India’s electricity supply industry is mainly owned and operated by the public sector, and is currently running a growing risk of bankruptcy. While India is the third-largest producer of hard coal after China and the US, it imports around 1.4 million barrels of oil per day, 60% of its total needs. According to the US Energy Information Administration, India has a shortfall of roughly 13,000 megawatts of electricity.
Most of the problems of the Indian power sector arise from the present retail pricing system and from the fact that too little of it is actually paid for by the user. Out of total electricity generated, only 55% is billed and 41% is regularly paid for. Electricity is either stolen, not billed, or electricity bills are not paid. This amounts to a mass of implicit subsidy.
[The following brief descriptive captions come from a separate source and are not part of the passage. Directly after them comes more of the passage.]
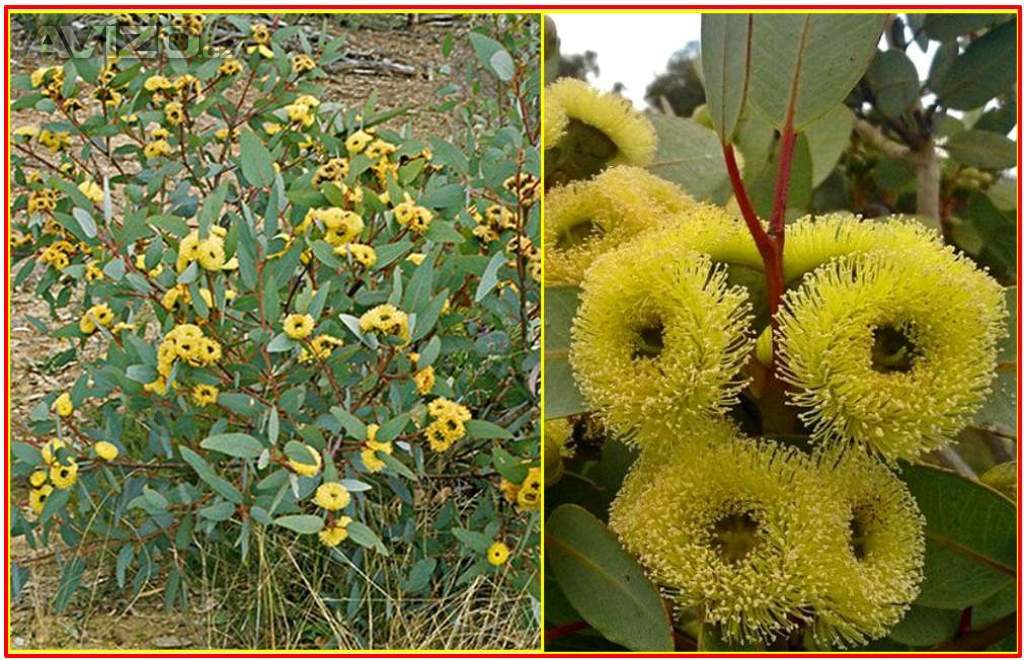 EUCALYPTUS PREISSIANA - SEMENA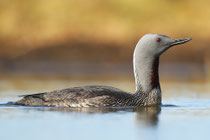 Flói (Island)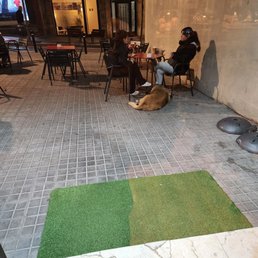 Outside Outside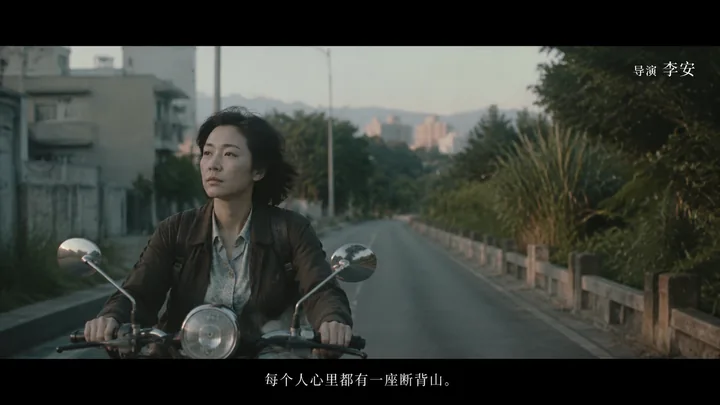 第 03 张，李安 / Ang Lee 风格启发画面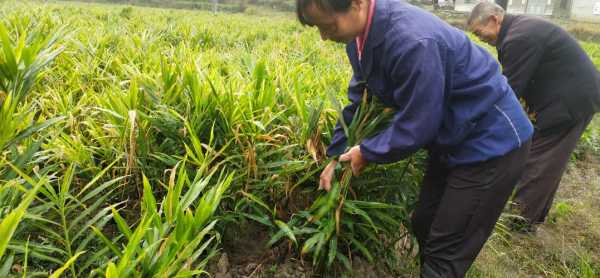 菜園種植生姜（果園種姜）-圖3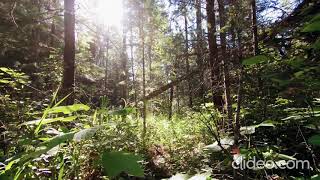 MÚSICA PRA VOCÊ CAGAR EM MENOS DE 2 MINUTOS !!!!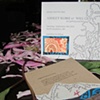 suite sample 18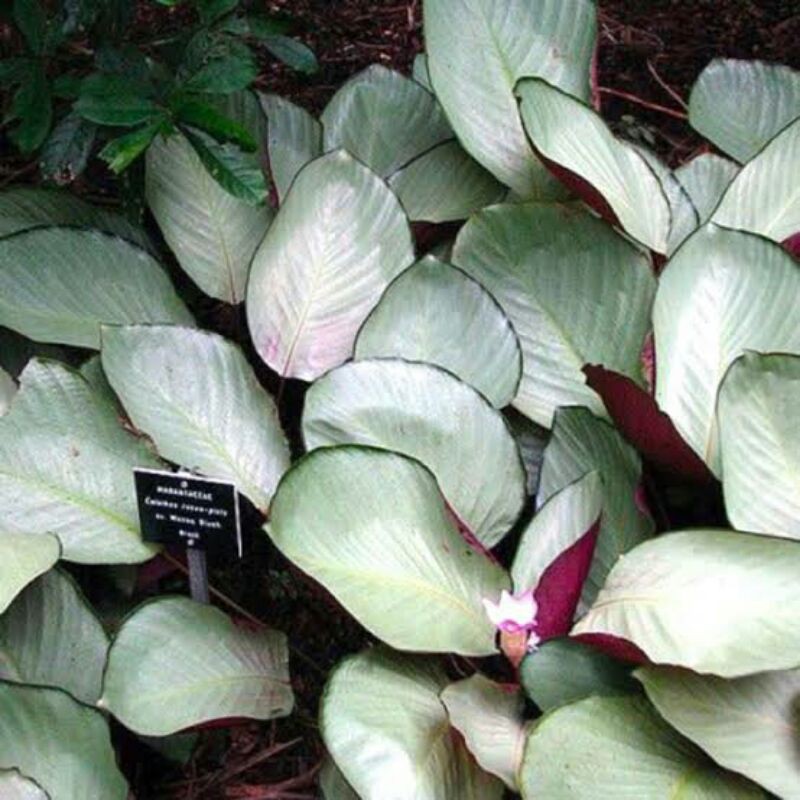 tanaman hias calathea silver plat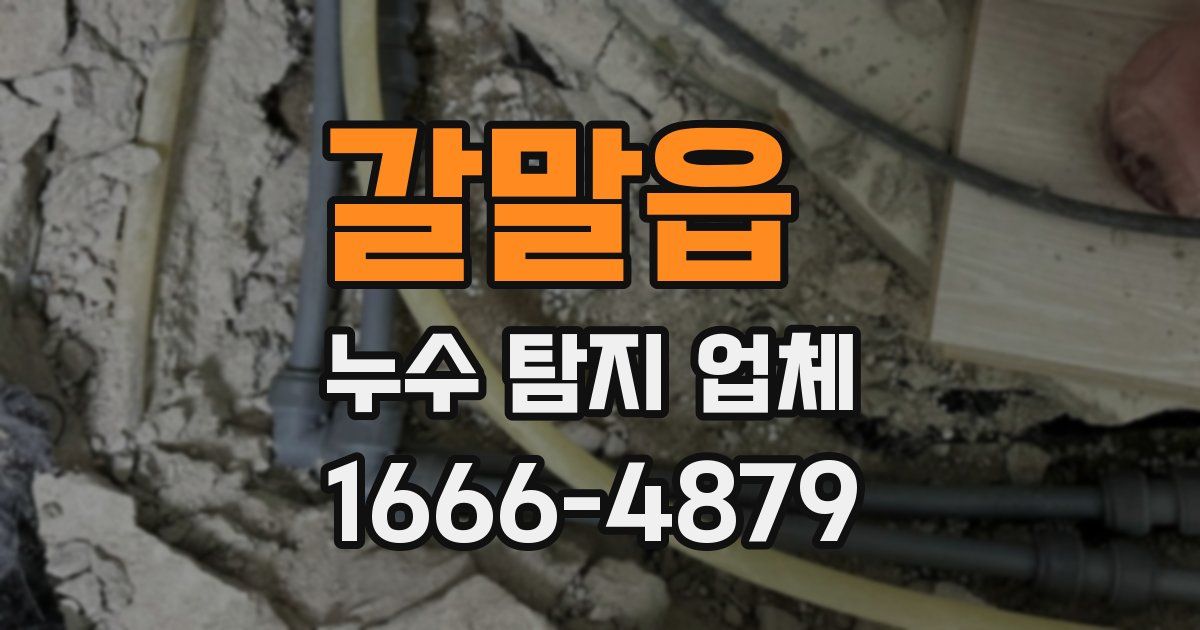 갈말읍 누수 탐지 업체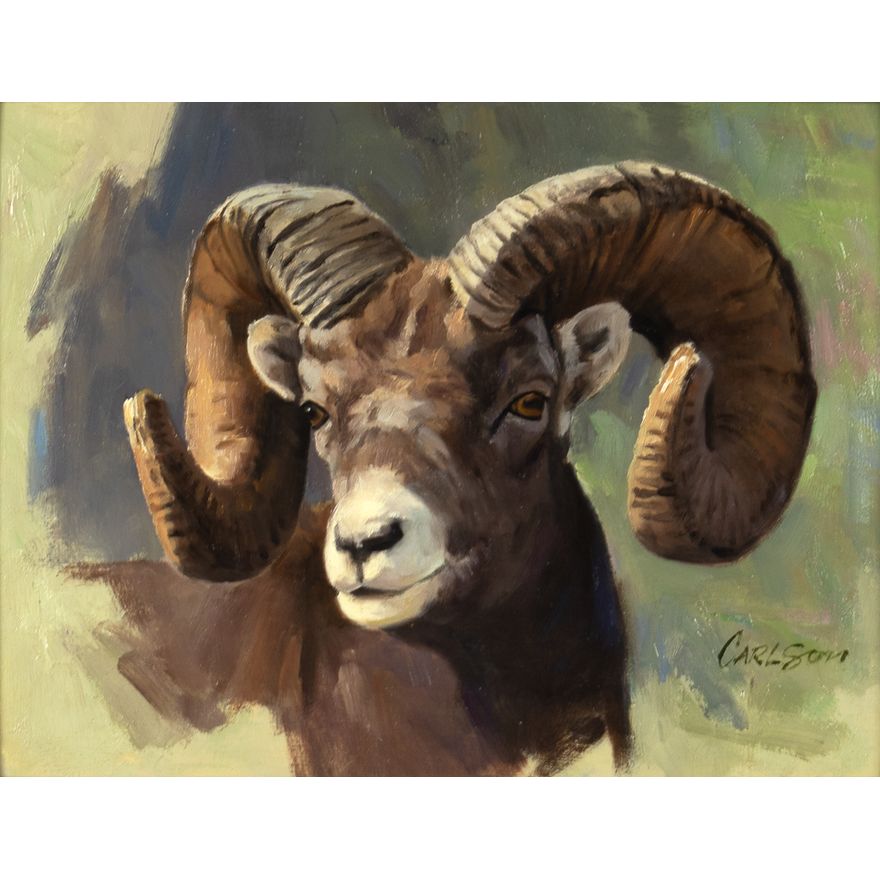 Ken Carlson (1937- ), Bighorn Portrait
Under-pricing is also a problem, as current retail prices of electricity represent less than 75% of real average costs. This has created a serious impediment to investments in the sector at a time when India desperately needs them. Just before its collapse, Enron was the largest American private investor in India. But it gave up on its 65% interest in Dabhol Power Company in Maharashtra after finding it impossible to get paid for power produced.
Looking ahead, India’s crude oil imports are projected to reach 5 million barrels per day in 2020, which is more than 60% of current Saudi Arabian oil production. Energy and electricity will be required for a population that exceeded one billion in 2000 and to fuel an economy that grew at an average annual rate of 7% from 1993-1997.
The difference in this report from others by the IEA is that active government intervention is recommended to help prepare the way for an India-wide free power market. For the moment, no such market exists in India. Only the central government can create the conditions for it to emerge, by inducing the states to reform their bankrupt utilities, encouraging trade among states, and promoting an environment that will attract investment from home and abroad.